YOUR ASSIGNMENT
Please output the line containing "RD TV Model | Gold White" and all lines that follow it in the data below, exactly, with no pictures.

SUPPLIED RECORDS

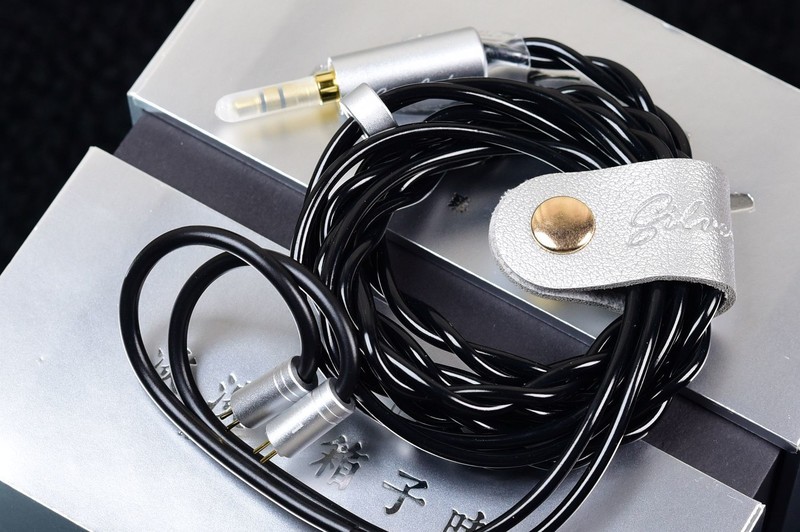 高解析+监听+乐感三位一体！丽弦STA-Hi End MAX双动圈简评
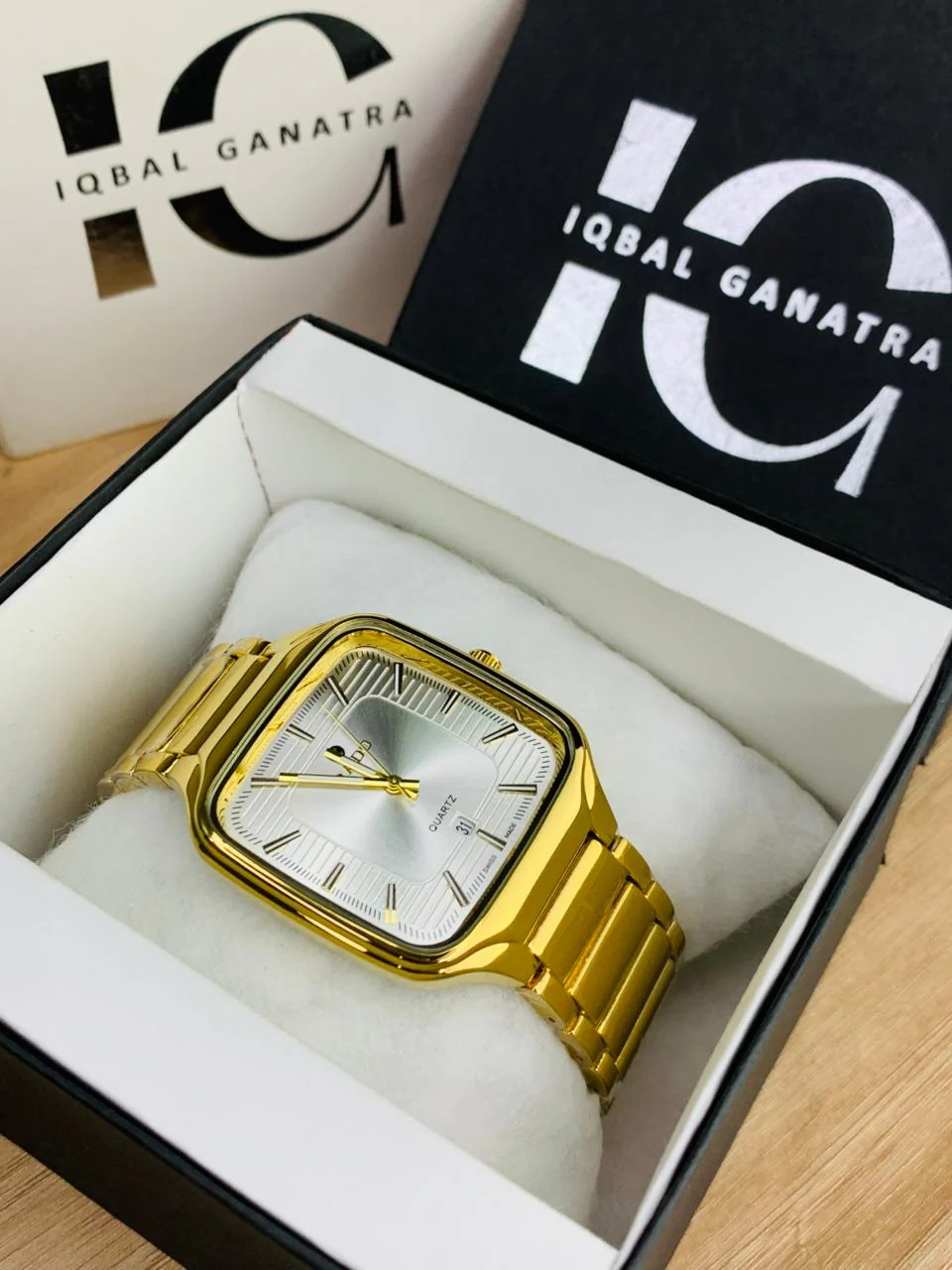 RD TV Model | Gold White
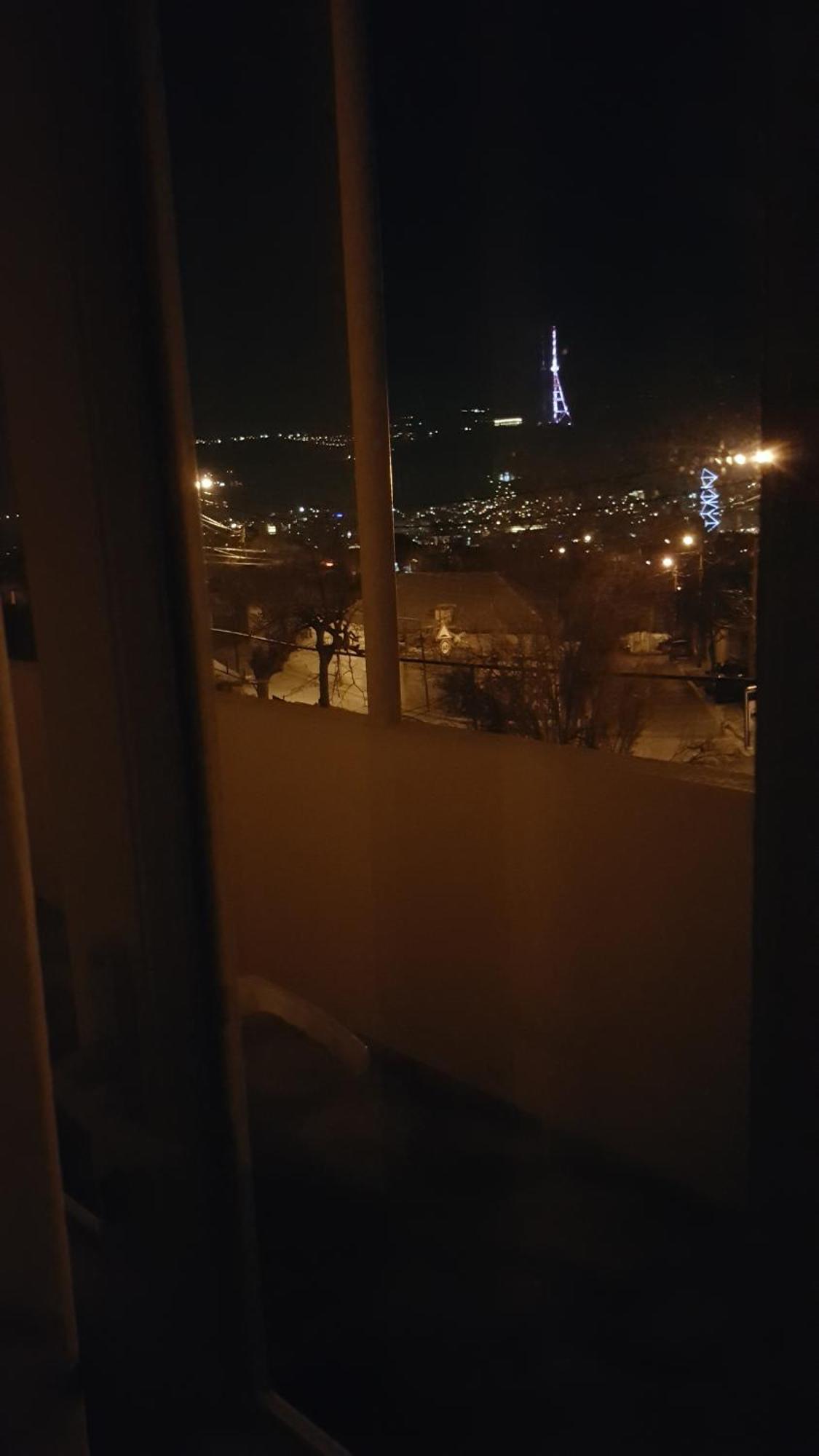 Guesthouse Different Tbilisi Phòng bức ảnh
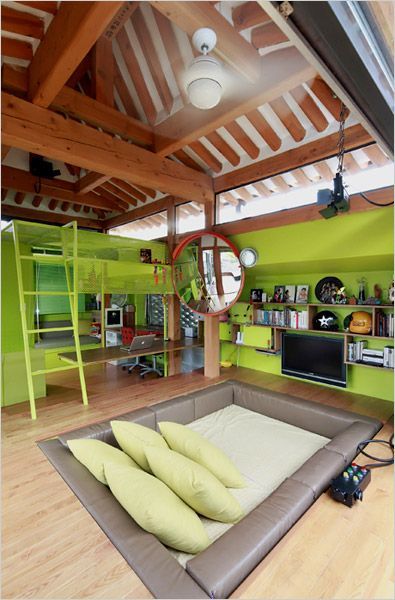 Recessed bed – cool #loft idea this is a wonderful idea for kids- they tear up the furniture, spill drinks, food, jump on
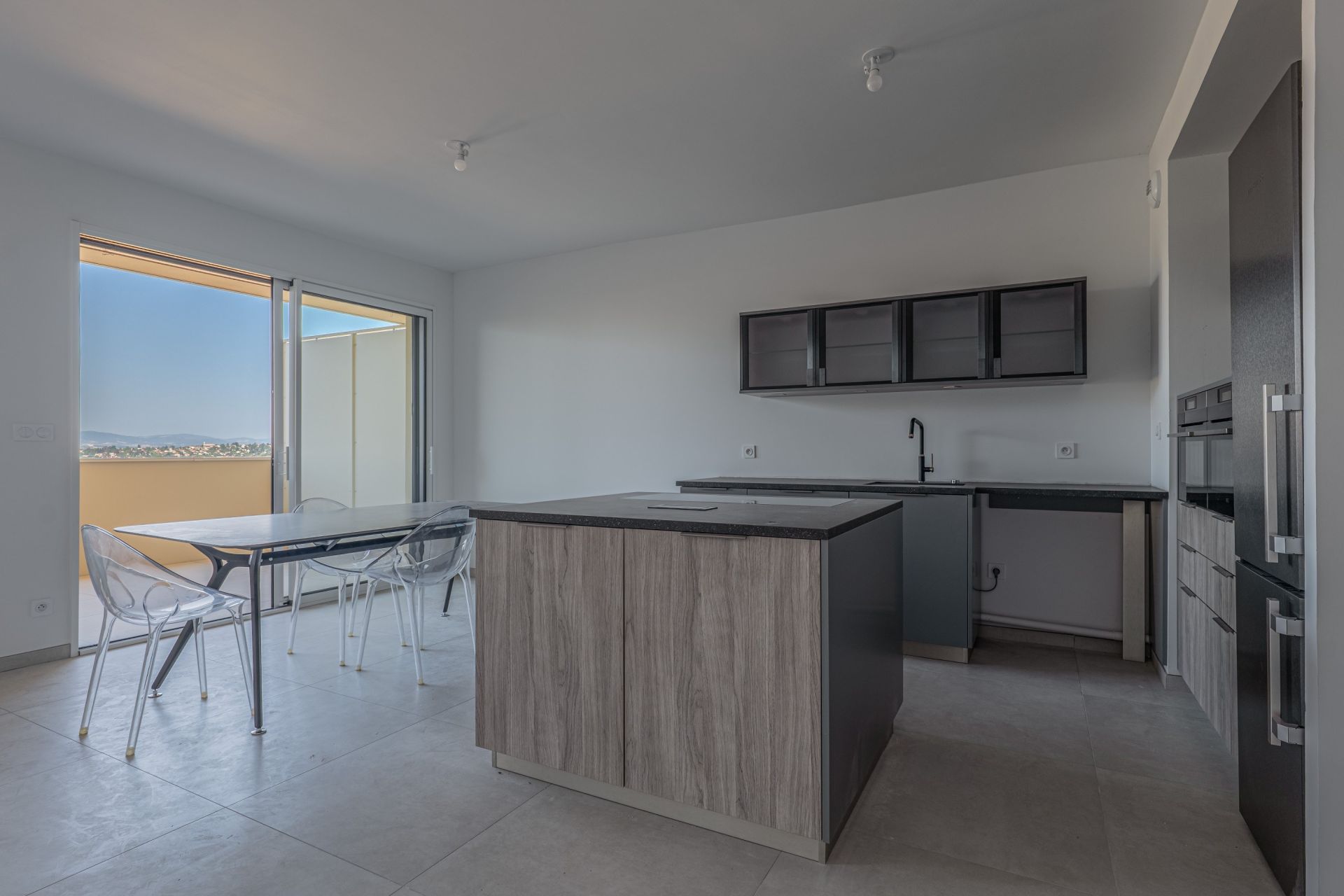 apartment 3 Rooms for sale on ST DIDIER AU MONT D OR (69370)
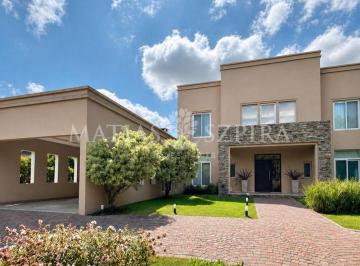 Casa · 305m² · 5 Ambientes · 2 Cocheras · Casa en Venta en Los Puentes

RESULT FOR THIS EXERCISE
 RD TV Model | Gold White
 Guesthouse Different Tbilisi Phòng bức ảnh
 Recessed bed – cool #loft idea this is a wonderful idea for kids- they tear up the furniture, spill drinks, food, jump on
 apartment 3 Rooms for sale on ST DIDIER AU MONT D OR (69370)
 Casa · 305m² · 5 Ambientes · 2 Cocheras · Casa en Venta en Los Puentes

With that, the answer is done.